When you call 911 from a mobile phone, the operator knows your phone number and a rough idea of your location. If you sign up with Smart911, as Cincinnati and Hamilton County officials are encouraging you do, the dispatcher will have access to all kinds of personal and medical information that first responders might need to know in an emergency.
You can upload as much or as little information as you like, including medical details or health concerns, how many pets may be in the home, emergency contact information, and personal identification details or pictures.
"If a firefighter is going to your house and you have said 'We have someone that has a problem walking,' they will know that," says Cincinnati Council Member Amy Murray. "If you have your dogs that are kept in a back hallway when you're gone, and there's a fire, you can put that in there."
The family of Kyle Plush, the Seven Hills School student who died after becoming trapped in his van despite calling 911 twice, is helping Cincinnati roll out the program. They've agreed to be part of the promotional effort encouraging people to sign up.
"As a mother who has experienced tremendous loss, I urge you to go to Smart911.com and sign up right now," says Plush's mother, Jill Plush. "Smart911 could have helped saved [Kyle's] life. The personal information you share on Smart911.com could one day be the difference between life and death for you, your husband, your son, your daughter, mother or father."

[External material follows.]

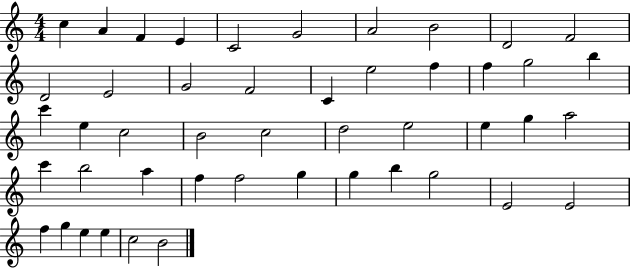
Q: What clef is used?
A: treble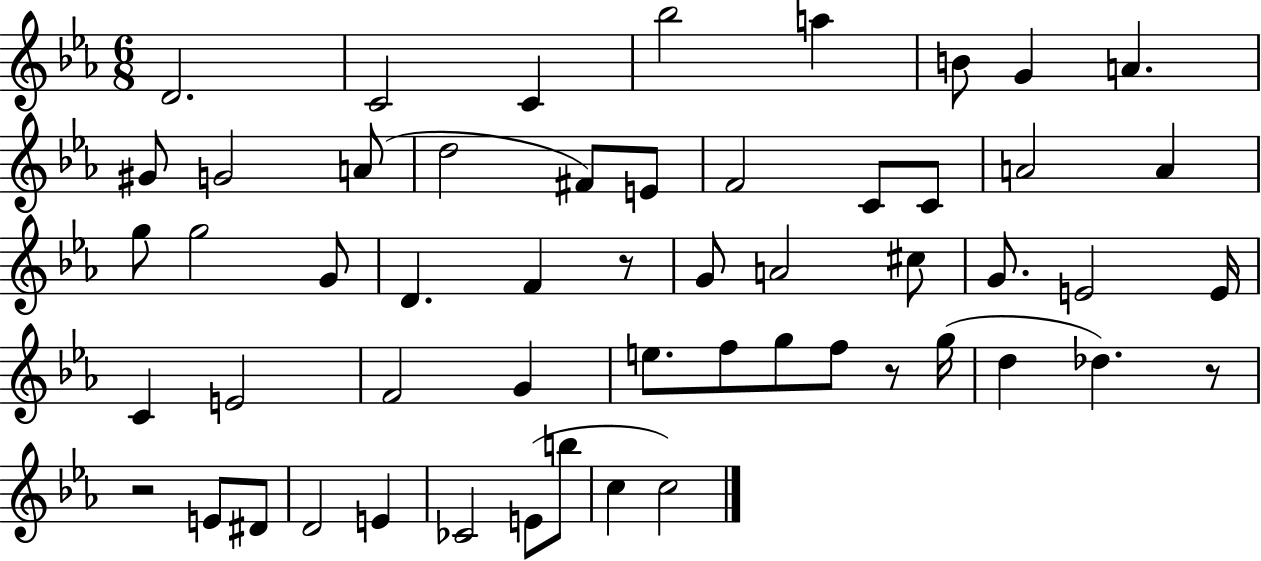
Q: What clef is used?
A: treble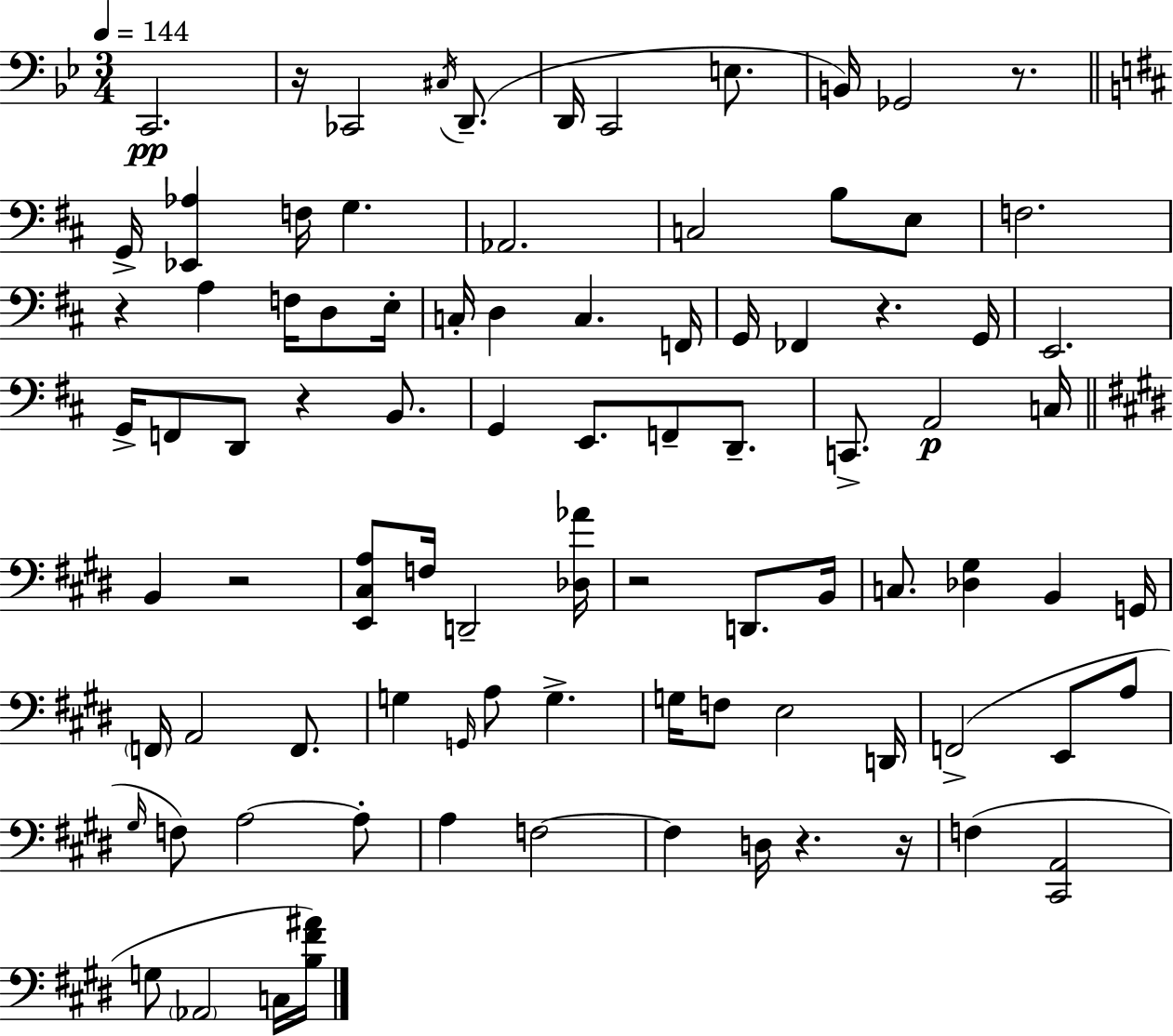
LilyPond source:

Hamilton County joined the service several months ago and about 6,000 people have registered so far. The service works for mobile phones and landlines.
Locally, Butler, Boone, Campbell, Kenton and Dearborn counties also participate in Smart911.

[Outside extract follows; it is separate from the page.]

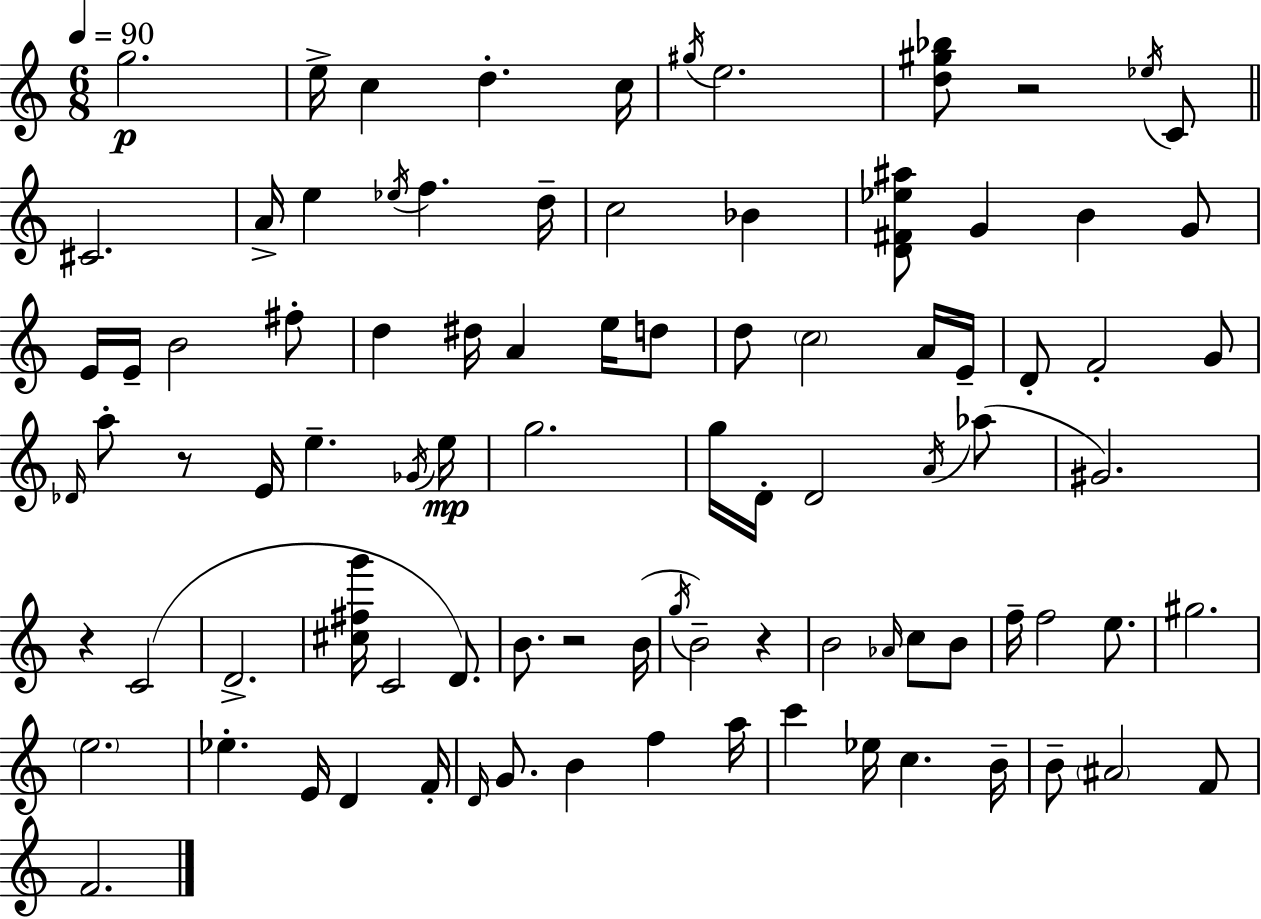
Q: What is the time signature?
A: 6/8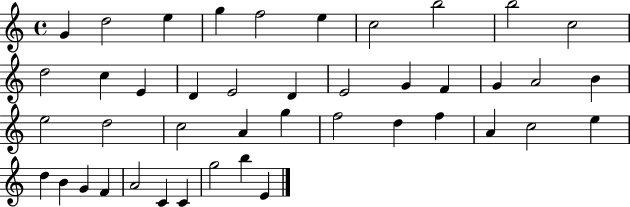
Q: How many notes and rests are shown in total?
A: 43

Once registered, your information is available to any participating agency, so if you call for help while traveling and you're in a participating agency's area, they'll have access to your data. Smart911 says it's available in 40 states and more than 1,500 municipalities.
While that's reassuring for some, others may have questions about privacy and security.
"The information is only available for 45 minutes to the first responders, then it's wiped off the system," says Hamilton County Commissioner Chris Monzel. He says the system is "safe and secure."
Director of Cincinnati's Emergency Communications Center Jayson Dunn says the company assures it has "the best cybersecurity possible for this type of a crowdsourced database."